» **The problem**
Line by line, retype the material below exactly, from its first line up to and including the one holding "Angela Jewelry]Zierliche Brotperlen-Ohrringe".

» **Given data**
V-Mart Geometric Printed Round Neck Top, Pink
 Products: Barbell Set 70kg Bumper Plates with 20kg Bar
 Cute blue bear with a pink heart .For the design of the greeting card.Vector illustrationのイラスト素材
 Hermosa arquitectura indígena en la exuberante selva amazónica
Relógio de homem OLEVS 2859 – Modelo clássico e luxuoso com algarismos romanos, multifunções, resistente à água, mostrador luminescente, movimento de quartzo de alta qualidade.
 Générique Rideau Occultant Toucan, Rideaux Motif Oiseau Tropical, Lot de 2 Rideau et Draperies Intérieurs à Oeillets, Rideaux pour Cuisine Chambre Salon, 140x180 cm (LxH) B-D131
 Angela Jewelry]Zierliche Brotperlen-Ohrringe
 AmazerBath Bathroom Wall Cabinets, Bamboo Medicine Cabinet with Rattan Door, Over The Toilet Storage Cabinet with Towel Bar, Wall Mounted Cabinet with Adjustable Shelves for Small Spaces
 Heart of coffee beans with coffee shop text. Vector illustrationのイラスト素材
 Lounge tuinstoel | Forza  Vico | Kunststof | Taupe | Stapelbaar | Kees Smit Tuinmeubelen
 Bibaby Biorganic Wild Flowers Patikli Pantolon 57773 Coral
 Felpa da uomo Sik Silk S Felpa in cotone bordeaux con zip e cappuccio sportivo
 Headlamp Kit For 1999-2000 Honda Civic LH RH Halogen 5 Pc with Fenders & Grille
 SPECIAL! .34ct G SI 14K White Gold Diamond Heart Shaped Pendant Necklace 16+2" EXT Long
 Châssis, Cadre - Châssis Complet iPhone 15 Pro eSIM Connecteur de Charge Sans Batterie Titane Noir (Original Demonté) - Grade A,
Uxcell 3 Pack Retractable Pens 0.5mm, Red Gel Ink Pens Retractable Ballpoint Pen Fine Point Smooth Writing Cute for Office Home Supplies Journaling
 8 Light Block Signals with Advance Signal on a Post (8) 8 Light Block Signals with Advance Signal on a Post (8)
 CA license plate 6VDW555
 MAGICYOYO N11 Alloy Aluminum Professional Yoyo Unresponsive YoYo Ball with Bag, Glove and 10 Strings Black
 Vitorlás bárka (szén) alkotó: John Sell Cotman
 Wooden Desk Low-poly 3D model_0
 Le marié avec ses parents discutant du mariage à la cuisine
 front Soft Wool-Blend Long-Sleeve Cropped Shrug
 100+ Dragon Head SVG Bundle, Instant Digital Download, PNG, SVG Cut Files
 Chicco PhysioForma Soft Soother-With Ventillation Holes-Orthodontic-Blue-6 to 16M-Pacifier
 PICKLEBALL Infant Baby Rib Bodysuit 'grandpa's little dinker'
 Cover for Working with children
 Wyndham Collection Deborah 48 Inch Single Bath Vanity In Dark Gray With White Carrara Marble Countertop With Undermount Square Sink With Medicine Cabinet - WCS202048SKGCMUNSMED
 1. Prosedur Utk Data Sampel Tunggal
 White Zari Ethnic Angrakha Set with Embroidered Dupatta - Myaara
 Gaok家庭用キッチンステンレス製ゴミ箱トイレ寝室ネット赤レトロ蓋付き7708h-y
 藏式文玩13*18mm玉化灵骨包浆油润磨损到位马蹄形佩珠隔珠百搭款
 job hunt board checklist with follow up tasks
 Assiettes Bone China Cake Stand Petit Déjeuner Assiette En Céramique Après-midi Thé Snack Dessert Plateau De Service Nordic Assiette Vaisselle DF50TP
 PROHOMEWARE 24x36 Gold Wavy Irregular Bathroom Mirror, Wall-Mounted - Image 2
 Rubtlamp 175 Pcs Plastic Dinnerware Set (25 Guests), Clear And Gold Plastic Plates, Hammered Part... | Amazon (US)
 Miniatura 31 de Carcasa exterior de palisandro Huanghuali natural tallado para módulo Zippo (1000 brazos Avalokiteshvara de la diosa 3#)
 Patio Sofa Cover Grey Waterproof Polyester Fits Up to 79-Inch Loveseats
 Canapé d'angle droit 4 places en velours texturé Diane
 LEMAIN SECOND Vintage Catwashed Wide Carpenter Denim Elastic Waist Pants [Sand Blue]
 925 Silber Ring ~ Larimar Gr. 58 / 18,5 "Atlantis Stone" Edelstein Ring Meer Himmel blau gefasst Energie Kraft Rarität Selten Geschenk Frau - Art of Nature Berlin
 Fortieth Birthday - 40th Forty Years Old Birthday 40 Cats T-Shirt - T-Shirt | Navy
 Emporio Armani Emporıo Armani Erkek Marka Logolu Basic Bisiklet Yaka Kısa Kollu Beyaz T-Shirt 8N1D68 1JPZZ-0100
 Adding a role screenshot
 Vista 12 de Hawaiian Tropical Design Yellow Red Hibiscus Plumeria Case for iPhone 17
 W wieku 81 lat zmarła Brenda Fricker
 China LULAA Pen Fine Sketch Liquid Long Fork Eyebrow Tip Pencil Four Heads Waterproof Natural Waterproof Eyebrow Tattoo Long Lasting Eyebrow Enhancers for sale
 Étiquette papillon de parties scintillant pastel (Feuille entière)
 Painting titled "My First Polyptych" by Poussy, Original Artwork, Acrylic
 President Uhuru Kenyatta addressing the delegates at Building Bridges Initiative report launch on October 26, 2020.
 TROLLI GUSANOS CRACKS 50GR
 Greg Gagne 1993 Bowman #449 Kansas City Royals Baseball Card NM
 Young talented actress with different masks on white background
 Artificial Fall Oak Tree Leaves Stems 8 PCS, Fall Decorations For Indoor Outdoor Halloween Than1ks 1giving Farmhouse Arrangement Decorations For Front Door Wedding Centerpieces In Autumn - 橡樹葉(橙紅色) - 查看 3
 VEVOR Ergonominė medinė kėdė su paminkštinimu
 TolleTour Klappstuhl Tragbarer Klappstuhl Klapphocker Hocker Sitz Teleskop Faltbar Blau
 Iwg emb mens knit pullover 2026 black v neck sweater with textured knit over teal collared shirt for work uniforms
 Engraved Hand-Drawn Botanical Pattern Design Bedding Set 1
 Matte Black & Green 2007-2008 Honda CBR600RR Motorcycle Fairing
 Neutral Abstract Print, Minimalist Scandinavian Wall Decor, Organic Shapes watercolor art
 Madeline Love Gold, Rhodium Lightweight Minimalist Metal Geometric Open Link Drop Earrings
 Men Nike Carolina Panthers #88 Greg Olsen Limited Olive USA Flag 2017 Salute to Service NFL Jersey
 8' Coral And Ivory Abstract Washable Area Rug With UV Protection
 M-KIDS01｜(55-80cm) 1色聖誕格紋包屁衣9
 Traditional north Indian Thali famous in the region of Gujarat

» **Solution for this problem**
V-Mart Geometric Printed Round Neck Top, Pink
 Products: Barbell Set 70kg Bumper Plates with 20kg Bar
 Cute blue bear with a pink heart .For the design of the greeting card.Vector illustrationのイラスト素材
 Hermosa arquitectura indígena en la exuberante selva amazónica
Relógio de homem OLEVS 2859 – Modelo clássico e luxuoso com algarismos romanos, multifunções, resistente à água, mostrador luminescente, movimento de quartzo de alta qualidade.
 Générique Rideau Occultant Toucan, Rideaux Motif Oiseau Tropical, Lot de 2 Rideau et Draperies Intérieurs à Oeillets, Rideaux pour Cuisine Chambre Salon, 140x180 cm (LxH) B-D131
 Angela Jewelry]Zierliche Brotperlen-Ohrringe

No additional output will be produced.